> [EXERCISE AIM] Take every line from the material that has the word "Trail" in it.

> [EXCERPTED RECORDS]
# # # # #
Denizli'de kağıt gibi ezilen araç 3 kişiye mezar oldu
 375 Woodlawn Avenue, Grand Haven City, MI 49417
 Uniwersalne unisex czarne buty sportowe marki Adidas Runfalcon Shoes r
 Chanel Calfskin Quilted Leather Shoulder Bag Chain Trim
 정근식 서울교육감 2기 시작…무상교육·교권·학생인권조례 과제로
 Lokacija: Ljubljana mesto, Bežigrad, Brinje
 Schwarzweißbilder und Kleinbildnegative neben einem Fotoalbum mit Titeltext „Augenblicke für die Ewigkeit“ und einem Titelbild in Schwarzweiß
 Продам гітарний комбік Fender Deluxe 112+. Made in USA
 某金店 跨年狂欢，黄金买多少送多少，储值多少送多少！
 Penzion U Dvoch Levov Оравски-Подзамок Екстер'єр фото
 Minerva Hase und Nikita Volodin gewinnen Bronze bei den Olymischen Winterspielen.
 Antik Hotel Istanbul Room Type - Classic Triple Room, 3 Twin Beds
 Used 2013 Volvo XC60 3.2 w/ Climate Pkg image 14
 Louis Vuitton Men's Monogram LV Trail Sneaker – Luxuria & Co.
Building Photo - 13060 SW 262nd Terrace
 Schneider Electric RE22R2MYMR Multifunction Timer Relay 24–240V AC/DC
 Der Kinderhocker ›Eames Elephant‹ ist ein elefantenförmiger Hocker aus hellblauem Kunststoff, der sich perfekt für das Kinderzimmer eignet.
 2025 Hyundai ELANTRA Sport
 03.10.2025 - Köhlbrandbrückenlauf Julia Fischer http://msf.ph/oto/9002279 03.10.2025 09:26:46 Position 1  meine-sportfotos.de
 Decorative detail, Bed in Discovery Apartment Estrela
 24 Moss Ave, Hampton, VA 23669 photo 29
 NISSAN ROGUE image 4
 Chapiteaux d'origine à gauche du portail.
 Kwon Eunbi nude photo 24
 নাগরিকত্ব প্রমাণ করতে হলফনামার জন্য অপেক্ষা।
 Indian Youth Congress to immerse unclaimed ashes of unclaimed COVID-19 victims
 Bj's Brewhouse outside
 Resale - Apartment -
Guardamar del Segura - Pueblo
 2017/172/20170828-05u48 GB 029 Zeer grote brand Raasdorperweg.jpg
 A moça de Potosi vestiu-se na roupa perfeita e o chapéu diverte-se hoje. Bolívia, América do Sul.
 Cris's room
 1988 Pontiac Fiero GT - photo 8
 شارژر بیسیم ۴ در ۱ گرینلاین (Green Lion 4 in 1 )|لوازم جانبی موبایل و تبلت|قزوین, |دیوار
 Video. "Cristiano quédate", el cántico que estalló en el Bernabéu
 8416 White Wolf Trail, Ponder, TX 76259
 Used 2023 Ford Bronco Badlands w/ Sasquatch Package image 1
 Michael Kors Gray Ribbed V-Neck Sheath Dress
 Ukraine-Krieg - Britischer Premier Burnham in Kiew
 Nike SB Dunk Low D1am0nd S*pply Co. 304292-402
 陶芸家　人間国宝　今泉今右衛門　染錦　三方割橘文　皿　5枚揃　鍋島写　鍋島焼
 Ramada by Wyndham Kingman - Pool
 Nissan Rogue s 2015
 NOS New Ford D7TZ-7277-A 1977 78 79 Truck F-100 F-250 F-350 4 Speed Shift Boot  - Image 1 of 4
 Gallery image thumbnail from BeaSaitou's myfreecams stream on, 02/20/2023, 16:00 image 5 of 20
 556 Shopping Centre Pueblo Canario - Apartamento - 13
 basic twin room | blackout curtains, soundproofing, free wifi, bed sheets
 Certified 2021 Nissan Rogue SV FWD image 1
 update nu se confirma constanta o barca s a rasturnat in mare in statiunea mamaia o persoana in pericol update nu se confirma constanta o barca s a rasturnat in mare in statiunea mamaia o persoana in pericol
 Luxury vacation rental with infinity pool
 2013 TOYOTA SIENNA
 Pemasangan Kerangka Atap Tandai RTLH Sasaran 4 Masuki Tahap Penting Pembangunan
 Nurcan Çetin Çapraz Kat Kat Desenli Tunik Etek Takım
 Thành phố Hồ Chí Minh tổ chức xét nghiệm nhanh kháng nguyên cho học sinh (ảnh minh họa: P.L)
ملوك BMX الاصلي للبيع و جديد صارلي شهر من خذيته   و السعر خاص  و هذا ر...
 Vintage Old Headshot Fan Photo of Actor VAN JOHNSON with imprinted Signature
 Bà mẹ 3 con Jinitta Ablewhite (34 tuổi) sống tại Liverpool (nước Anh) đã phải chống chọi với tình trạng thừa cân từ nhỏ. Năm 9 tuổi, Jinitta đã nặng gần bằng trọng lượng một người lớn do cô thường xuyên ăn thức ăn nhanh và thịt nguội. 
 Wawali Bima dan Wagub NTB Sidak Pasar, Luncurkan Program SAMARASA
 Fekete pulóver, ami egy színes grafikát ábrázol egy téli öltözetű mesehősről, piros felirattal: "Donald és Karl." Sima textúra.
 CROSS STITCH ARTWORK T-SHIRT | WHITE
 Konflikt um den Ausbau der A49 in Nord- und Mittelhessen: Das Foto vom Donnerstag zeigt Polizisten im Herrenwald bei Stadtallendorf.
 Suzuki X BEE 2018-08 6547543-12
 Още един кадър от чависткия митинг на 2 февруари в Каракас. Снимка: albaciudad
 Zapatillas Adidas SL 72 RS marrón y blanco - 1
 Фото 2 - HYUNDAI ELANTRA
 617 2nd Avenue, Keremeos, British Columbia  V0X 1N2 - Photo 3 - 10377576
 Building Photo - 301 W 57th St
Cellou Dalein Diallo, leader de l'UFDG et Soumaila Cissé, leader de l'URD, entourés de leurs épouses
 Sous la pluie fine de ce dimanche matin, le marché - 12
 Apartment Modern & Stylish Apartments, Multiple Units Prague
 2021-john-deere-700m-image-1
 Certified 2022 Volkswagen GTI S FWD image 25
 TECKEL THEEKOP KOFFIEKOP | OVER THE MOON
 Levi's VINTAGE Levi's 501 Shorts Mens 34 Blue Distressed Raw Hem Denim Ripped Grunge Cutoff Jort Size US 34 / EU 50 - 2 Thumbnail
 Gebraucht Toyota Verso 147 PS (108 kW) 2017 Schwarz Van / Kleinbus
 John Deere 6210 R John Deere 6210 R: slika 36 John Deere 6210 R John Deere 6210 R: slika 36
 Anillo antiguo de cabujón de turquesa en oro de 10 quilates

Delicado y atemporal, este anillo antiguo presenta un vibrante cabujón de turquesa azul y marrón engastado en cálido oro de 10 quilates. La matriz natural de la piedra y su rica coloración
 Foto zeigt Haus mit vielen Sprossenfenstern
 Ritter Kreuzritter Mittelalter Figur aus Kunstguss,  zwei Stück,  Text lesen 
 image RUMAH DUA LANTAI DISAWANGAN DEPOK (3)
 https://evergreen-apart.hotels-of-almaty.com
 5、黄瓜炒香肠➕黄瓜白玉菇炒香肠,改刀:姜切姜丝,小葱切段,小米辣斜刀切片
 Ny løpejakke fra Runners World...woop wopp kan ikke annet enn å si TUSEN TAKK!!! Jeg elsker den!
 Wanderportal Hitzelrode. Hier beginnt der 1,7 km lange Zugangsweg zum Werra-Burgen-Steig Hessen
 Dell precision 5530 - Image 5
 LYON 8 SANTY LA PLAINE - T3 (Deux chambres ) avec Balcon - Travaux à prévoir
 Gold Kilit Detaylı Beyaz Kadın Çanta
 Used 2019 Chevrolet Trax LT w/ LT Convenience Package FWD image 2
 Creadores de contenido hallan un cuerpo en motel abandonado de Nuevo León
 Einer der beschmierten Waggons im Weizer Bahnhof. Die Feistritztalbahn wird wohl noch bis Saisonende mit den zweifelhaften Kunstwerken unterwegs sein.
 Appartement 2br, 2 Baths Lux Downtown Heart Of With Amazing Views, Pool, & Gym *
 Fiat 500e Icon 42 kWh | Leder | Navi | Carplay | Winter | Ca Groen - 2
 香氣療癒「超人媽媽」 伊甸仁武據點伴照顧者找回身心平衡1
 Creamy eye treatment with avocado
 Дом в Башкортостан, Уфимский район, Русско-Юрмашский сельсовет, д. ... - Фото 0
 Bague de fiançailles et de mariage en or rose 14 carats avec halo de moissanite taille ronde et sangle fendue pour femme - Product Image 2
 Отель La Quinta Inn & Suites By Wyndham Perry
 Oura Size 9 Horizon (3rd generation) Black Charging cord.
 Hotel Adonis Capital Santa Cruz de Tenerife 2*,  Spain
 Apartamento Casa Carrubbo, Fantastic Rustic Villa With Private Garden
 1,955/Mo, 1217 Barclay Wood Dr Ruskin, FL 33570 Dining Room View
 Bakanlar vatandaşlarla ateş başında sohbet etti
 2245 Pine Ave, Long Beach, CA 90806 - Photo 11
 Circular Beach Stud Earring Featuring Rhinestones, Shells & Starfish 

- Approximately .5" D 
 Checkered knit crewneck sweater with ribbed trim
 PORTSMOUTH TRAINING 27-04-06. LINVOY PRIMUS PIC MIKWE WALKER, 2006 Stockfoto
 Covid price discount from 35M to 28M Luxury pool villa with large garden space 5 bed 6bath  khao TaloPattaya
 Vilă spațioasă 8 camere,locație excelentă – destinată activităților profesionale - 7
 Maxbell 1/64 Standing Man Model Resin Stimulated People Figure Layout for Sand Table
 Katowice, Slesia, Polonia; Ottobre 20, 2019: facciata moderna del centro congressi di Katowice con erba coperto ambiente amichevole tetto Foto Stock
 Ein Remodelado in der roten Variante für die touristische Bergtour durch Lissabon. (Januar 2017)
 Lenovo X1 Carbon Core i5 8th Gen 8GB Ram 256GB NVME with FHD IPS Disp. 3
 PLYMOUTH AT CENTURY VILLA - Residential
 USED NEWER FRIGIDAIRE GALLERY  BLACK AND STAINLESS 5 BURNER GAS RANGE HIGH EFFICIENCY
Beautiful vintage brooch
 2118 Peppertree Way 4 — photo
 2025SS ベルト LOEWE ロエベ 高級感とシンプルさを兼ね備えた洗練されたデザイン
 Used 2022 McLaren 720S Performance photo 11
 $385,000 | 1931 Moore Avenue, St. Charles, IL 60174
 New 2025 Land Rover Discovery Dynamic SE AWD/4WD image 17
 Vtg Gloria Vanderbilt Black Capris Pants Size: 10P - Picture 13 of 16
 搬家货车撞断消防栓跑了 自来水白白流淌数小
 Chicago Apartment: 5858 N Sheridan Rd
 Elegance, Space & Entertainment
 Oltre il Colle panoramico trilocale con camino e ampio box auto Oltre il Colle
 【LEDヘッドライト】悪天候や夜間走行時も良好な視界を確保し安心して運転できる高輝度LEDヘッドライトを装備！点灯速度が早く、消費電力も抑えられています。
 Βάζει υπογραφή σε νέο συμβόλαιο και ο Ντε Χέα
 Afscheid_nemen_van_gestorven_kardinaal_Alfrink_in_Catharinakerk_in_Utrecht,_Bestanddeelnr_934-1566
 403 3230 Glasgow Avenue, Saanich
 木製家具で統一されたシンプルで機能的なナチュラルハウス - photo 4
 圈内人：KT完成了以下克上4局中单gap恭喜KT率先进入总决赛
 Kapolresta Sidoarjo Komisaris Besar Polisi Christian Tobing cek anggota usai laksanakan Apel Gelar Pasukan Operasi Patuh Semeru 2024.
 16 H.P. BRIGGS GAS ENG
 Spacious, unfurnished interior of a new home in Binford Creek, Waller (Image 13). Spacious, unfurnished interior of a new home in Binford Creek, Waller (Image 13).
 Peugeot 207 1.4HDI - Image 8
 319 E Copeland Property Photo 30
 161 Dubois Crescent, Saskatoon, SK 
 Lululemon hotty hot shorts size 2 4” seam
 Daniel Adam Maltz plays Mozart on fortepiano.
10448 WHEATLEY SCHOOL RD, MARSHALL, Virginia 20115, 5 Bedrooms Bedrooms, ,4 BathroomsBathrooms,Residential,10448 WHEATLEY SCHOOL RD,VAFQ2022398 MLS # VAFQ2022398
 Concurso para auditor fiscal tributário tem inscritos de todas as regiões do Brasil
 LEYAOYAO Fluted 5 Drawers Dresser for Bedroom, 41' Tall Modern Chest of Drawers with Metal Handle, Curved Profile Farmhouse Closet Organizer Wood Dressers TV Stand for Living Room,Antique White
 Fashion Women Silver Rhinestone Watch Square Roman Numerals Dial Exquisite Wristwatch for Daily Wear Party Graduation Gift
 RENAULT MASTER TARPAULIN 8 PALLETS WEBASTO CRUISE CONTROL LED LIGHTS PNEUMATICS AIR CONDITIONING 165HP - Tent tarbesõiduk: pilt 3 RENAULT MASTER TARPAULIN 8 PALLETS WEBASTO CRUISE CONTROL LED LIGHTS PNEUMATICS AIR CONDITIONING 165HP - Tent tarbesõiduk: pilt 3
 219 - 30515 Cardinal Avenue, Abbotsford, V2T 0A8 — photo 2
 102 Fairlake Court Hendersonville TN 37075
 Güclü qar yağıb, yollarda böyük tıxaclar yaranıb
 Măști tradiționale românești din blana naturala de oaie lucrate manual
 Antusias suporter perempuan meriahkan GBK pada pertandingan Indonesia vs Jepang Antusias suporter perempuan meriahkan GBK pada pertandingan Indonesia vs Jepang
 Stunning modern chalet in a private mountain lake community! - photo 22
# # # # #
> [SOLUTION FOR THIS PROBLEM]
 Louis Vuitton Men's Monogram LV Trail Sneaker – Luxuria & Co.
 8416 White Wolf Trail, Ponder, TX 76259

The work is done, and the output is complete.